20 Feb
Posted in: Books, CDL, Practice
By    Comments Off on A View is Just a View

A View is Just a View

I’ve started reading Coming Back to Life, by Joanna Macy, which is part of the homework assignment for our first CDL retreat coming up in April. I know Macy is considered to be a great dharma teacher, specializing in Engaged Buddhism especially as it relates to Climate Change and what she calls Deep Ecology. But her tone — in my opinion — is so strident and political that…even though I basically agree with what she’s saying…I can hardly stand to read it.

Example: In the short time span since the US Supreme Court put George W. Bush in the White House, the changes have been swift, deep and dramatic, giving free rein to economic forces that despoil the Earth and impoverish her people. Now with greater need than ever for public monitoring and outcry, we have become a truth-deprived and fearful populace. 

(She’s right about George Bush and the Supreme Court, but really, does that belong in a dharma book!)

Anyway, I was getting more and more irritated (suffering!) with these and other outrageous statements such as:There is a mountain of evidence regarding the 9-11 attacks that was excluded from the 9-11 Commission’s report. It remains unaddressed by the US government, mainstream media and most of US institutions.

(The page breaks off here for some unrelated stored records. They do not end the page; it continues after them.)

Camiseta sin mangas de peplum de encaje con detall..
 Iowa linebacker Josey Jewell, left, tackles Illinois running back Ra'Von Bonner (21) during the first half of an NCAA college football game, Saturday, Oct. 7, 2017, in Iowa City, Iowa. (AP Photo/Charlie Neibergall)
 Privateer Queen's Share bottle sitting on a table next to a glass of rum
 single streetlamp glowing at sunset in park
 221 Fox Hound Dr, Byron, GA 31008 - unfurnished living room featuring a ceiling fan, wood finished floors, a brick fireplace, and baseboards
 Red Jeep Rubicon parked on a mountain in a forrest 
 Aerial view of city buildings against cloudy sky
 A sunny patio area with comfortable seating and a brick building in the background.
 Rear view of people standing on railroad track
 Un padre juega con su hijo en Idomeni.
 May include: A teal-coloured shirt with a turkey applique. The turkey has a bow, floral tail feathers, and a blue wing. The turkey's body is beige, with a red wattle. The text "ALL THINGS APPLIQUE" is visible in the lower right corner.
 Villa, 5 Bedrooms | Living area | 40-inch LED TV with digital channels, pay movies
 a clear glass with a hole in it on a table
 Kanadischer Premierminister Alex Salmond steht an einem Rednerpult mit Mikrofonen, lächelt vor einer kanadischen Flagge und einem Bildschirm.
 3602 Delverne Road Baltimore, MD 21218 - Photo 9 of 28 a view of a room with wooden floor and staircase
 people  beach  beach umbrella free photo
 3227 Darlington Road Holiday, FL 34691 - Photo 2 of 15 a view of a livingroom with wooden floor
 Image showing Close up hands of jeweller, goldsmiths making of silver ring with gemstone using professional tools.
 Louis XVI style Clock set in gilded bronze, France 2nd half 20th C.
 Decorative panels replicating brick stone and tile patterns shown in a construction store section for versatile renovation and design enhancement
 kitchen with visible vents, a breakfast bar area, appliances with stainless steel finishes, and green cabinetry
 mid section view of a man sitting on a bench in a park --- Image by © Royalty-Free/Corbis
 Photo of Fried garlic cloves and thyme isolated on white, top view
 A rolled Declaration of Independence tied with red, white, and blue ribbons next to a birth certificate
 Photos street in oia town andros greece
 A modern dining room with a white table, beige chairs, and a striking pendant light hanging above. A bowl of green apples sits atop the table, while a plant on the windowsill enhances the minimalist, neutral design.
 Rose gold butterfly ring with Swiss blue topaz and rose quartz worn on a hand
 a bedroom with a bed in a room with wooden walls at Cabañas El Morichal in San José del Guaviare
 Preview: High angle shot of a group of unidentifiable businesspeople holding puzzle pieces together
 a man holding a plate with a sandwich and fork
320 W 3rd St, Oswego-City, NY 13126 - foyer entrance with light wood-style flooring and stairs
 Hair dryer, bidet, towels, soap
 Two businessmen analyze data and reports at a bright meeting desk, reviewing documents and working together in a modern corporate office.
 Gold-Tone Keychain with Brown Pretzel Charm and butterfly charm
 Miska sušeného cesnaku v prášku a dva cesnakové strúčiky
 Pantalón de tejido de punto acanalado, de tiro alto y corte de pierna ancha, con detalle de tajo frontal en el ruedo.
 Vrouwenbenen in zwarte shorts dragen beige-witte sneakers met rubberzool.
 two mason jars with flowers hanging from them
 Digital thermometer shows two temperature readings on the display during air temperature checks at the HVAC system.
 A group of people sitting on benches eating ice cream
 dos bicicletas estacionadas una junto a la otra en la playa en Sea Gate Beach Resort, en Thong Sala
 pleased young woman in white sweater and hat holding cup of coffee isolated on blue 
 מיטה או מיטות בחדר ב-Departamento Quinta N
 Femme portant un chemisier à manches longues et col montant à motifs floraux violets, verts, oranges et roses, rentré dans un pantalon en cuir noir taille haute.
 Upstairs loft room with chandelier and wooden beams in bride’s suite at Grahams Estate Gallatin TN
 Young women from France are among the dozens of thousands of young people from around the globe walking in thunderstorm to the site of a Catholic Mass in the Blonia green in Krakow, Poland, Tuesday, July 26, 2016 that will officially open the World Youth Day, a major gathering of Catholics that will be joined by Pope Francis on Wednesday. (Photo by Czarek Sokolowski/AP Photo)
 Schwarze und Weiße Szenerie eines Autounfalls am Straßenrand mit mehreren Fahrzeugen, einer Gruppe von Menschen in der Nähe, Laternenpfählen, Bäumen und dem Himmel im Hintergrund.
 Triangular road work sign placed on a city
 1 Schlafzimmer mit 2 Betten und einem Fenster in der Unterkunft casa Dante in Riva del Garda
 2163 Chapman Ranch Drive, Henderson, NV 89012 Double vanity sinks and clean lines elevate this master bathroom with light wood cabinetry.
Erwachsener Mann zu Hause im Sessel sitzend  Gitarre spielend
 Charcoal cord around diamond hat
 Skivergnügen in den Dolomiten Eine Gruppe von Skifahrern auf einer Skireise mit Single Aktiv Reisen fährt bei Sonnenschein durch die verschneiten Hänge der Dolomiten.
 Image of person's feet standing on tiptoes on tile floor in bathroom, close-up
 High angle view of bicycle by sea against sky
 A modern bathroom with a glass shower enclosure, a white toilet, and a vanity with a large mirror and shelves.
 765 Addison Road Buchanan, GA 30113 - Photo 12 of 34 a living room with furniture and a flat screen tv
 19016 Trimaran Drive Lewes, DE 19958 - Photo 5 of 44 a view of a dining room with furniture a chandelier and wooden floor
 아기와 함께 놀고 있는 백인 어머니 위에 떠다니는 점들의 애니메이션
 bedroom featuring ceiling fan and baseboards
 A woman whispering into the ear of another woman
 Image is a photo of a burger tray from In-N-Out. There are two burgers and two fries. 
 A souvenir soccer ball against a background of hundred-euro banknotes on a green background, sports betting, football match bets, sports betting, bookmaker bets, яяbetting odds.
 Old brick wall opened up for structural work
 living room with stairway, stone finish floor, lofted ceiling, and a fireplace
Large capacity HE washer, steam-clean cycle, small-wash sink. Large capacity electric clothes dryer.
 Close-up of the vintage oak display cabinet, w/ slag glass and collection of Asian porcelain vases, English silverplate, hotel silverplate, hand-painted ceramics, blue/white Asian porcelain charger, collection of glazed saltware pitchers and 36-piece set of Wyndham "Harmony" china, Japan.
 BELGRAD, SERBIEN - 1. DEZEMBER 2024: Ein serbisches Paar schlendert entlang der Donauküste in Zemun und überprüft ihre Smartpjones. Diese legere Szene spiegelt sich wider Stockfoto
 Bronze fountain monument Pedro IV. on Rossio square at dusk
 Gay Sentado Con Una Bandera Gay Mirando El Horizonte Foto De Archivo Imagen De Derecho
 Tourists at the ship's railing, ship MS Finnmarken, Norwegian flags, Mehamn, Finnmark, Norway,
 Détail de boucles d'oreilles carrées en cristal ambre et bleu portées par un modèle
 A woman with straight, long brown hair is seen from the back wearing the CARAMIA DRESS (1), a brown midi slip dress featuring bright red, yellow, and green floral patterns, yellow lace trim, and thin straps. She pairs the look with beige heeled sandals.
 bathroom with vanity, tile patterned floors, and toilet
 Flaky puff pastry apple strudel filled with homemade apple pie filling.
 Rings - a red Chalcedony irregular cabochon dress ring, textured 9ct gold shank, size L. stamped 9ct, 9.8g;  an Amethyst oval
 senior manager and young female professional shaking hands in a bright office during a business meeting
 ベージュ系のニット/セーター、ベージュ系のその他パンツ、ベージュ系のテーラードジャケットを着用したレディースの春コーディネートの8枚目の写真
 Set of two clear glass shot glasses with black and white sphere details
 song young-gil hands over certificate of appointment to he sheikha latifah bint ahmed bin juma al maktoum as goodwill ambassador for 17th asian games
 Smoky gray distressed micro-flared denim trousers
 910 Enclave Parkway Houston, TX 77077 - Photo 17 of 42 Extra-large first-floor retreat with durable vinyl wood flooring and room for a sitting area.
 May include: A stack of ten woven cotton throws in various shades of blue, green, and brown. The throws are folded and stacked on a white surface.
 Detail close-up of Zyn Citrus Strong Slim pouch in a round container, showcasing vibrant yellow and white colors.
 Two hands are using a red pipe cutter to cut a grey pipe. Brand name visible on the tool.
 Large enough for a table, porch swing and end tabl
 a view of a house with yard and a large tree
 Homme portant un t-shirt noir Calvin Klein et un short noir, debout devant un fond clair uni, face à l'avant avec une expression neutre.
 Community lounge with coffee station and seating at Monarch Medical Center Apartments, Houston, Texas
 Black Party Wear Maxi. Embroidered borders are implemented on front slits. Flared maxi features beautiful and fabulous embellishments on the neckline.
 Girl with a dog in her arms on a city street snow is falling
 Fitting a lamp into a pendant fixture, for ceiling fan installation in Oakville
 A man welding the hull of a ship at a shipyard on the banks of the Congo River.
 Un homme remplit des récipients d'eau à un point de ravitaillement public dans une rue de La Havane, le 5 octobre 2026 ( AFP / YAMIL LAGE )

But then, thankfully, I remembered this quote from the Buddha:
After investigation, there is nothing among all the views that such one as I would embrace. Seeing misery in philosophical views without adopting any of them and searching for truth, I discover inner peace. For one who is free from views there are no ties. For one who is delivered by understanding, there are no follies. But those who grasp after views and philosophical options wander about in the world annoying people.

That the Supreme Court should not have “put George W. Bush in the White House” is a view. (One with which I agree, but what good does it do to make an issue of it now?) That there is some mysterious “mountain of evidence regarding the 9-11 attacks” that is being kept from the American people is another view. Which sound like crazy paranoia to me, and which again — in my opinion — has no place in a dharma book.

But of course, this is also a view.

Whether she is “right” or “wrong” to put these things in her book is not the point.

I can have a view — I can agree or disagree or take issue with her views all I want — but I don’t have to get all riled up about it. It’s one thing to have a view about things and quite another to grasp onto that view…and to make myself (and others) miserable in the process.

May I continue to remind myself of this!